About this task: Please restate word for word the lines of the entries below from the one with "523 Las Puertas, San Antonio, TX 78245" to the one with "Chevrolet Orlando 2.0", inclusive, and leave out every picture.

Provided entries:
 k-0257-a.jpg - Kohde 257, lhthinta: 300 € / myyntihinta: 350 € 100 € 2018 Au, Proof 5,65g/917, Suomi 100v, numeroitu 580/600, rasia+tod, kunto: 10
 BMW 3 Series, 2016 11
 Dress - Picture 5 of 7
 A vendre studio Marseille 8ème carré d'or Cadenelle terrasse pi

...

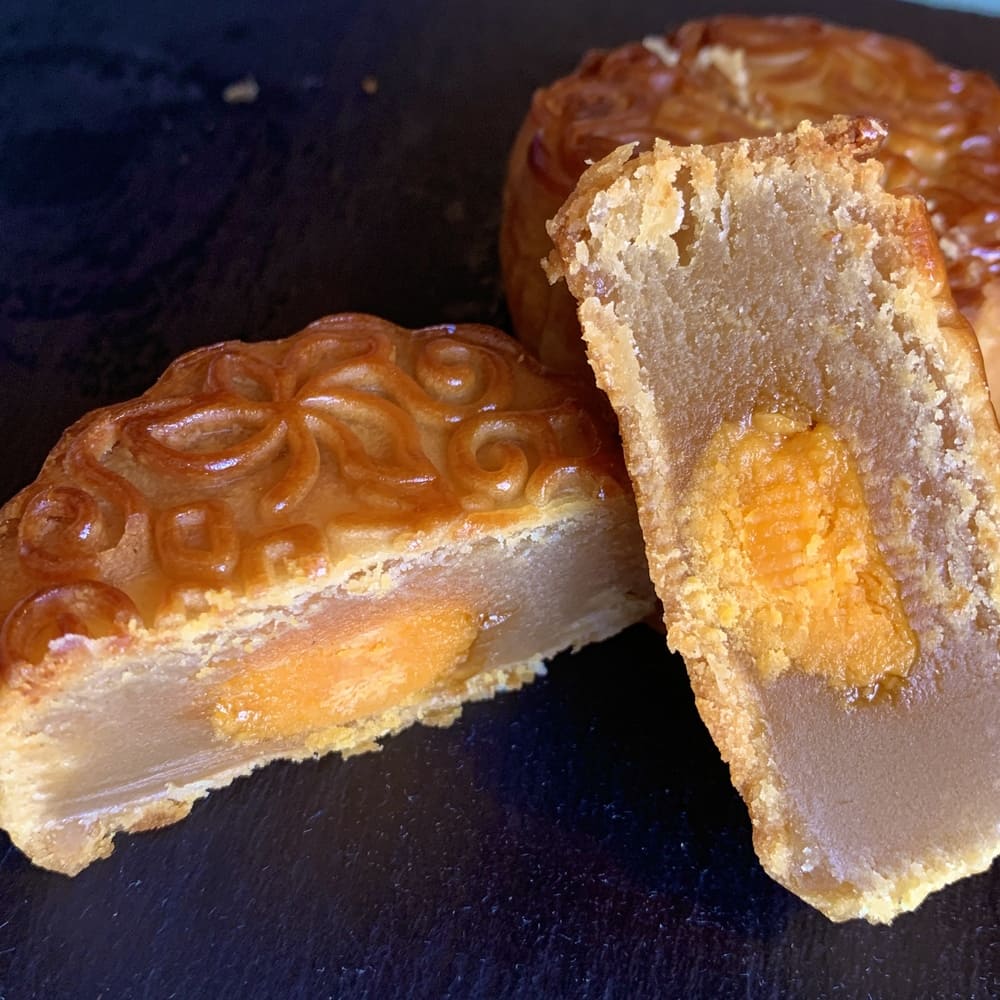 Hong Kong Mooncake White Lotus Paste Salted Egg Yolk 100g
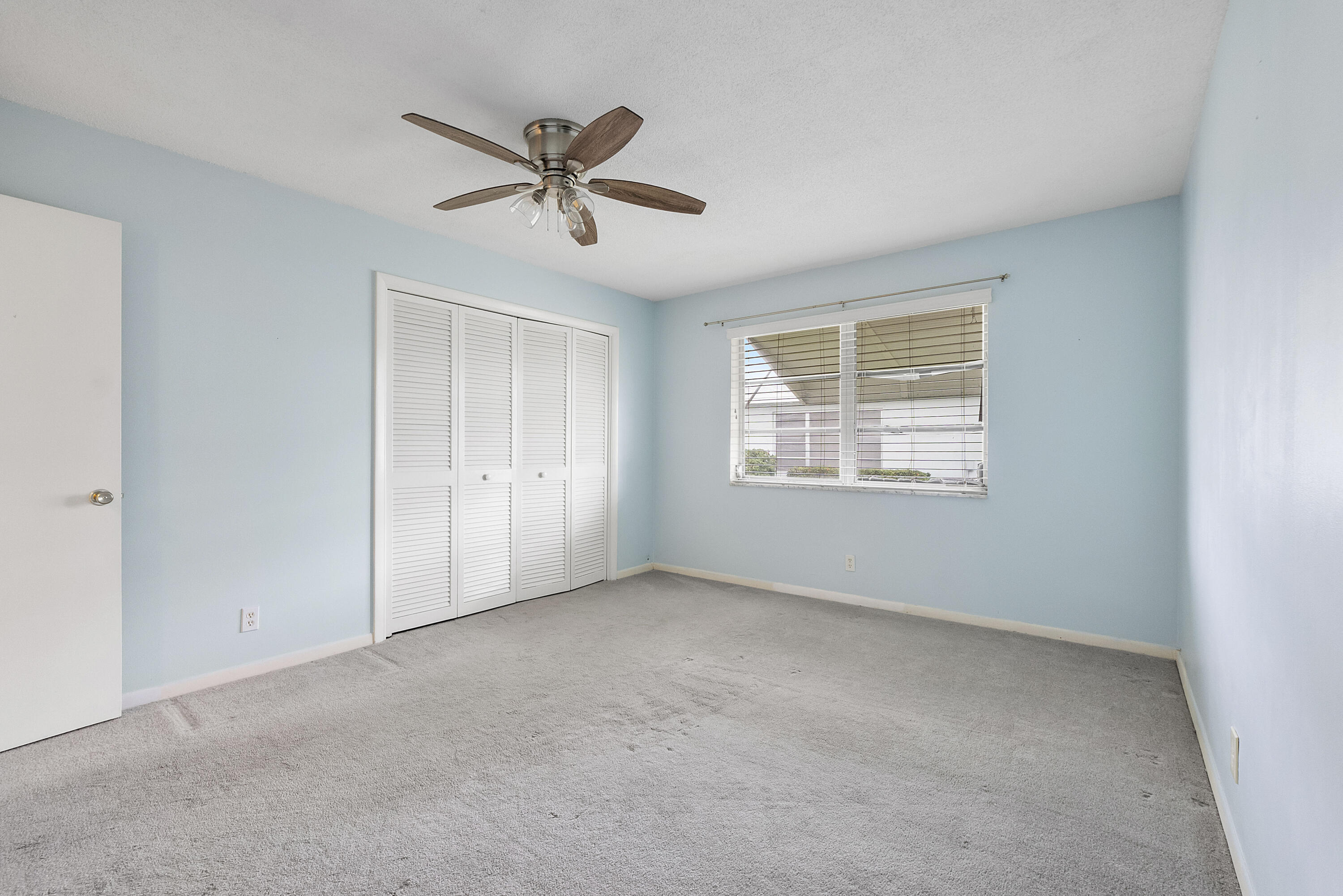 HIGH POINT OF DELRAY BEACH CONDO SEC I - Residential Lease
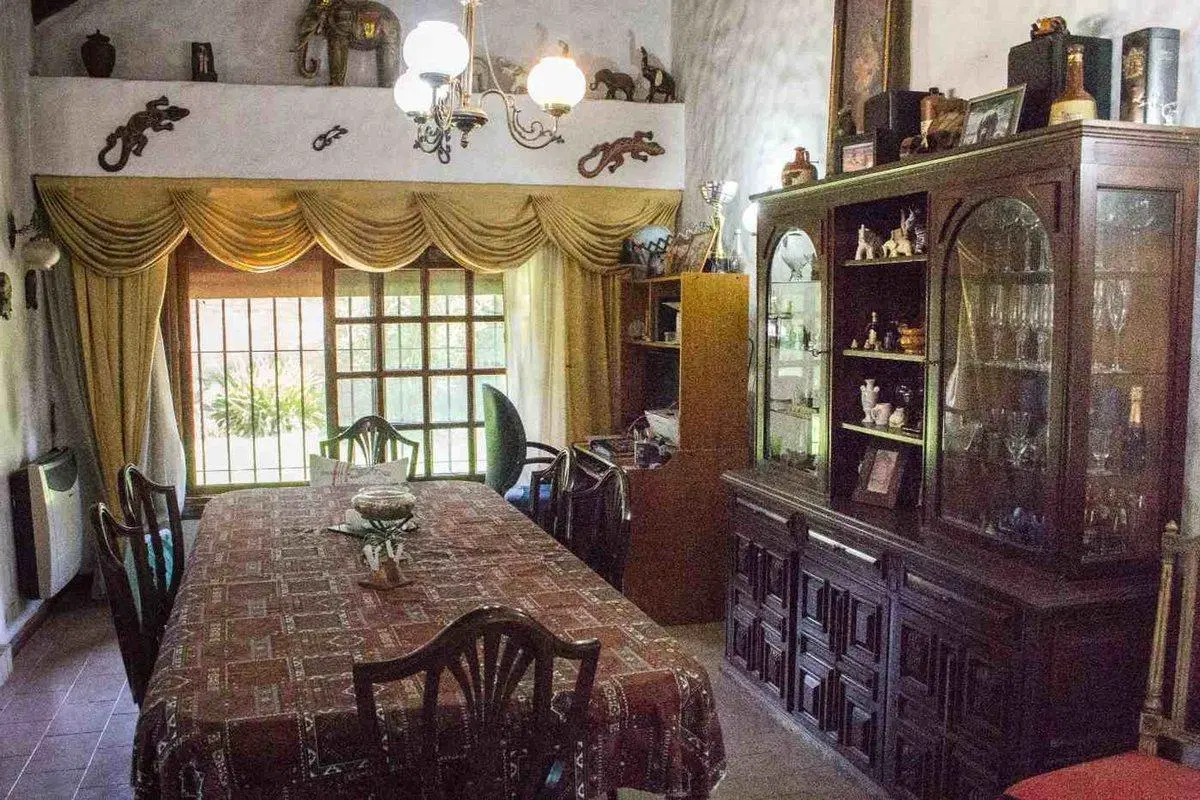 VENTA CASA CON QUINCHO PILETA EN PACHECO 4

--

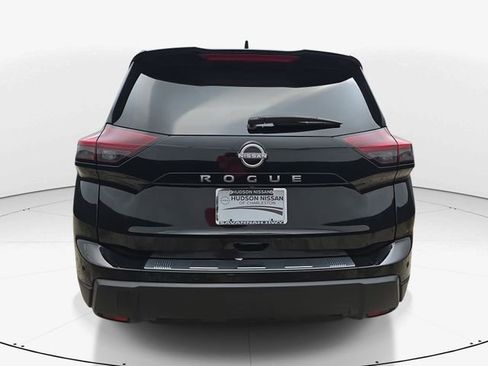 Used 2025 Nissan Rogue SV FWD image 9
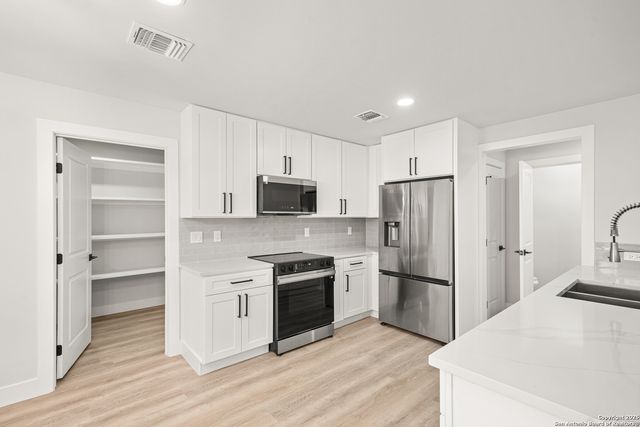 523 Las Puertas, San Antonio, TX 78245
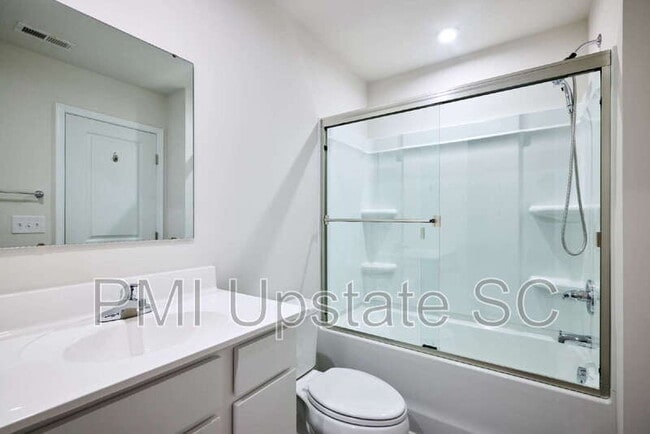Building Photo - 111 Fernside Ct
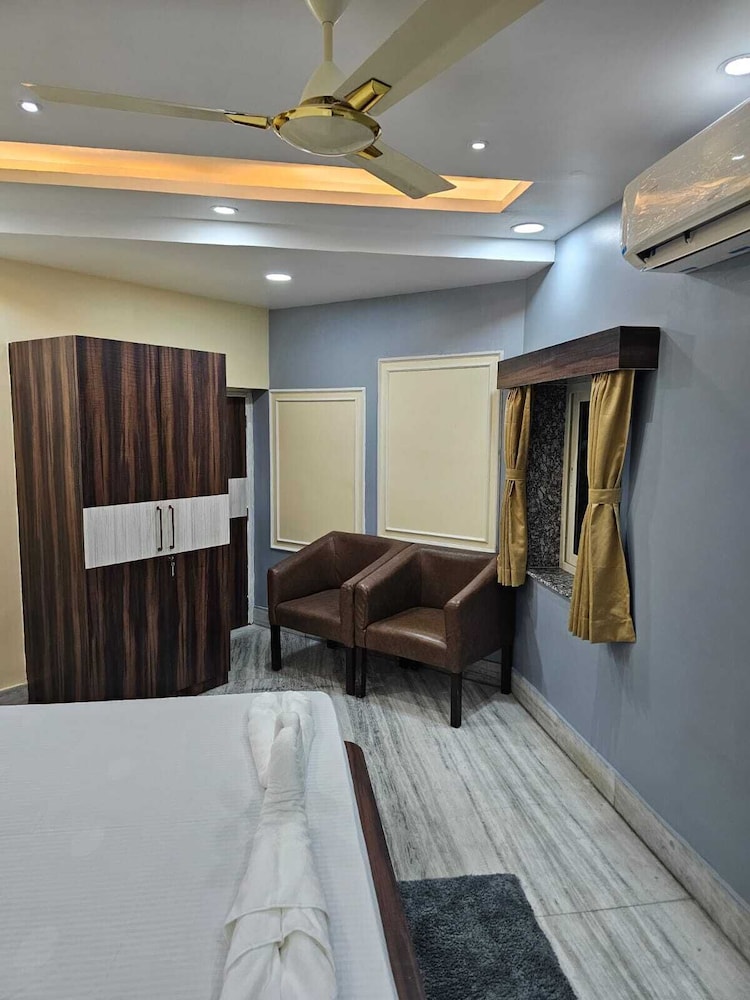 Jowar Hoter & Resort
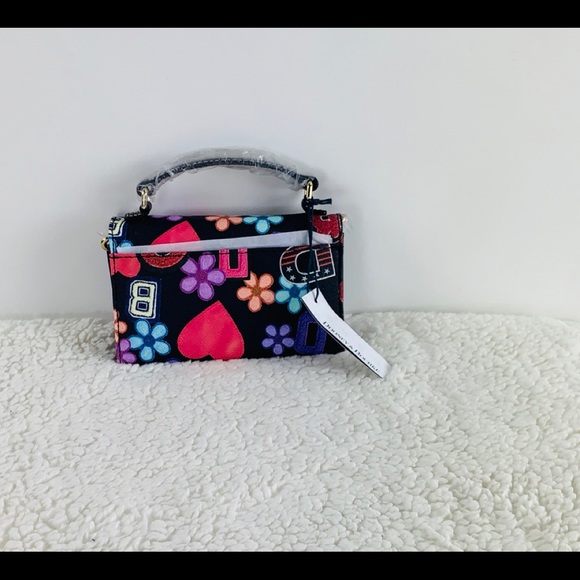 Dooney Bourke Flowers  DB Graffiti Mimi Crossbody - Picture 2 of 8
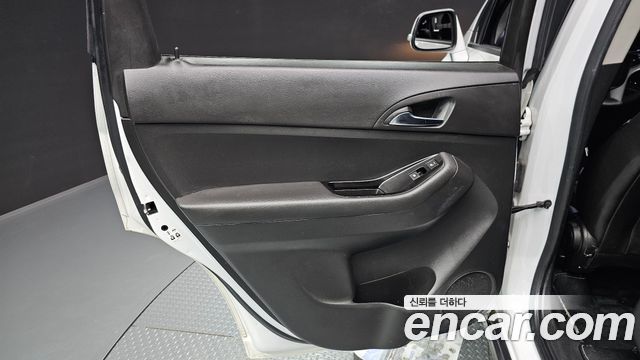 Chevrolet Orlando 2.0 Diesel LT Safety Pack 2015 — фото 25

Written response:
 523 Las Puertas, San Antonio, TX 78245
Building Photo - 111 Fernside Ct
 Jowar Hoter & Resort
 Dooney Bourke Flowers  DB Graffiti Mimi Crossbody - Picture 2 of 8
 Chevrolet Orlando 2.0 Diesel LT Safety Pack 2015 — фото 25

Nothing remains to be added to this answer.